Albright acababa de tomar posesión de uno de los puestos políticos más importantes de Estados Unidos. Era la primera mujer que ocupaba la Secretaría de Estado y su historia personal resultaba ejemplar: una inmigrante checa que había llegado a Estados Unidos con 11 años, y que lograba entrar en el sanctasanctórum de Washington. Algo así como el álter ego de Henry Kissinger, pero en demócrata.
Su historia, sin duda, era algo más que la polémica que suscitaron sus antecedentes judíos; era la de una persona que había pasado gran parte de su vida transformándose en una norteamericana modelo; la de una mujer que, a los 40 años, divorciada, decidió cambiar su vida y que aprovechó los pocos resquicios que dejaba en aquellos años la muy machista élite política de Washington para construirse una poderosa carrera.
MADELEINE ALBRIGHT
Michael Dobbs Traducción de Ana Herrera Península. Barcelona, 2002 488 páginas. 20 euros
Y además, ¿hasta qué punto alguien cuyos abuelos no iban a la sinagoga, cuyos padres no han practicado el judaísmo y que ha sido educada como católica sigue siendo judía? Michael Dobbs, el autor de esta biografía, rehúye entrar en esa discusión. Pero abre otra muy norteamericana: ¿cuándo supo Albright, nacida María Jana Körbel, culta y experta en Rusia, que tres de sus abuelos habían muerto en el Holocausto y que casi una veintena habían desaparecido en campos de concentración? ¿Es creíble cuando afirmaba que lo supo gracias a las investigaciones de los periodistas?
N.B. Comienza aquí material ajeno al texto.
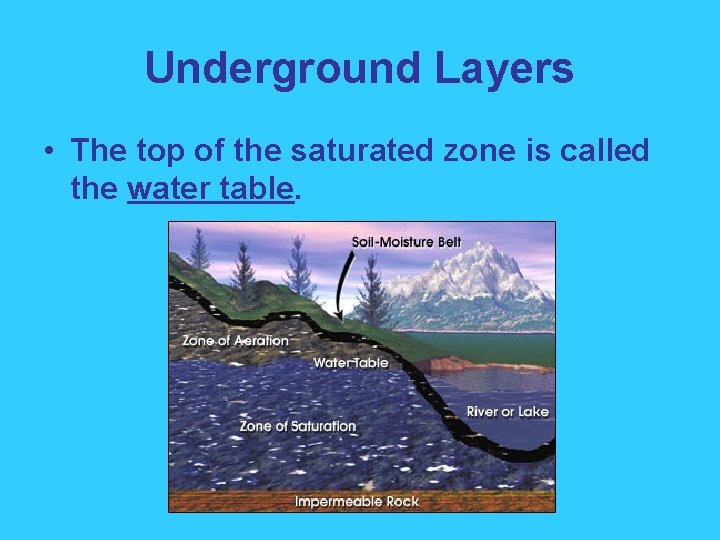 Underground Layers • The top of the saturated zone is called the water table.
'La historia de Albright no se entiende sin conocer la biografía de su padre', afirma Dobbs. Josef Körbel fue un hombre apasionado por la diplomacia que pareció considerar, primero que la condición de judío era un estorbo para su carrera, y después, según se desarrollaba el nazismo, que era un terrible peligro al que no tenía por qué someter a sus hijos. Körbel y su familia pasaron la II Guerra Mundial en Londres, llegó después a ser embajador checo en Yugoslavia y huyó cuando fue evidente que los comunistas se habían hecho con el gobierno de su país.
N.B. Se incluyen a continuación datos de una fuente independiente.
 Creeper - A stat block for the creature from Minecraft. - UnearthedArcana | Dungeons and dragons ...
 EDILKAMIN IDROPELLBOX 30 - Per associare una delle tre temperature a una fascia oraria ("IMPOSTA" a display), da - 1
La historia de María Jana Körbel es más común de lo que parece entre los judíos que emigraron a Estados Unidos. A Kati Marton, la esposa húngara de Richard Holbrooke, sus padres no le dijeron tampoco que sus abuelos habían muerto en Auschwitz. 'Pero ella descubrió la verdad en cuanto empezó a hacer preguntas, mientras que a Madeleine le había costado años', escribe Dobbs. Y aunque su extensa y amena investigación, que es el verdadero corazón de esta biografía, no llega a una conclusión definitiva, sí deja claro que la versión que ha mantenido oficialmente Albright es poco creíble. Es más probable que empezara a sospechar lo ocurrido bastante joven, pero que renunciara a saber más, primero por respeto al silencio de sus padres y después porque ya se había presentado a todo el mundo como cristiana.
Si los periodistas no hubieran hurgado en su familia, Albright no se hubiera sentido nunca condicionada por su historia. Toda su vida, demuestra Dobbs, ha sido una gran lucha por la adaptación, incluida su boda con John Albright, un millonario perteneciente a una de las familias más exclusivas de Estados Unidos, que la introdujo en un mundo más relacionado con el Gran Gatsby que con su infancia.
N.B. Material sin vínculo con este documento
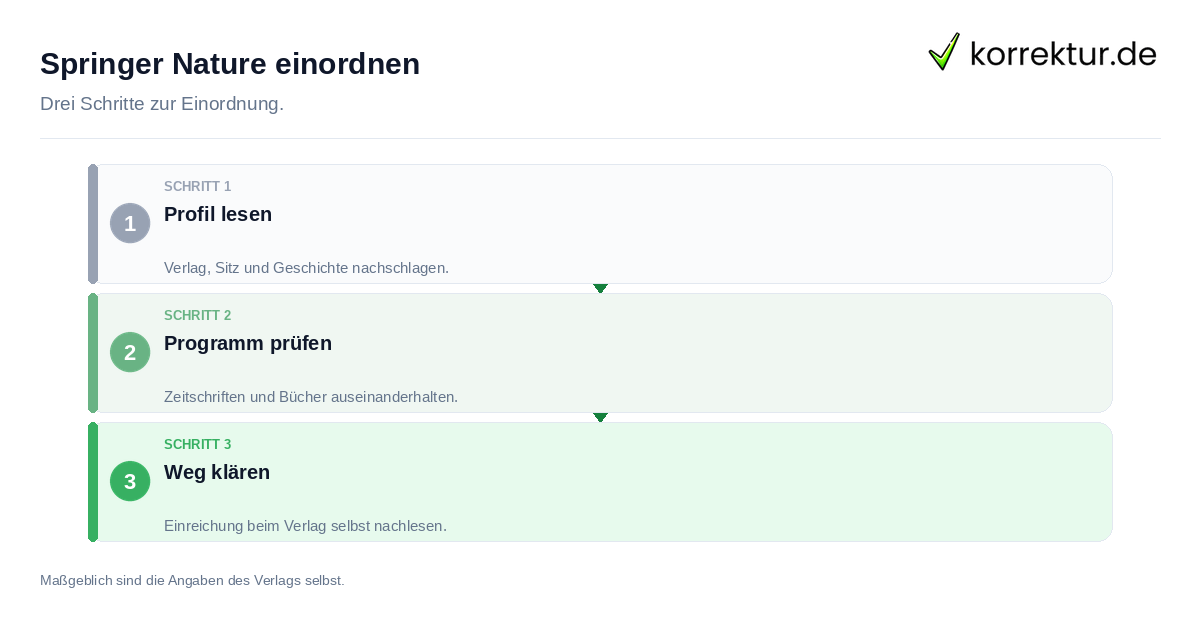 Springer Nature einordnen Springer Nature einordnen: der Ablauf in drei Schritten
Pero detrás de esa frenética integración, de esa perfecta y divertida mujer que cría gemelas, se preocupa continuamente por adelgazar, interviene en cuantas actividades voluntarias le salen al paso y chismorrea con las diosas de su entorno, Pamela Harrison y Katherine Graham, existió siempre otra persona. Una que combinaba fiestas con estudios de doctorado y que convertía sus salones en seminarios sobre tratados antimisiles.
Y es de agradecer que Dobbs no olvide que Madeleine Albright fue la creadora de la teoría del 'multilateralismo enérgico', la impulsora de la intervención militar norteamericana en los Balcanes y la única voz que se alzó, con poco éxito, para que Estados Unidos cortara el genocidio de Ruanda. Fue ella quien preguntó a Colin Powell: '¿Para qué sirve ese soberbio aparato militar del que siempre está hablando si no podemos utilizarlo?'. Powell recuerda en sus propias memorias: 'Creí que me iba a dar un ataque. Los soldados estadounidenses no son muñecos que puedan moverse en una especie de tablero gigantesco'. Albright, que coincidió con el peor momento del escándalo Lewinsky y que fue leal a Clinton, no fue quizá uno de los secretarios de Estado más prominentes. Pero sí uno bastante decente.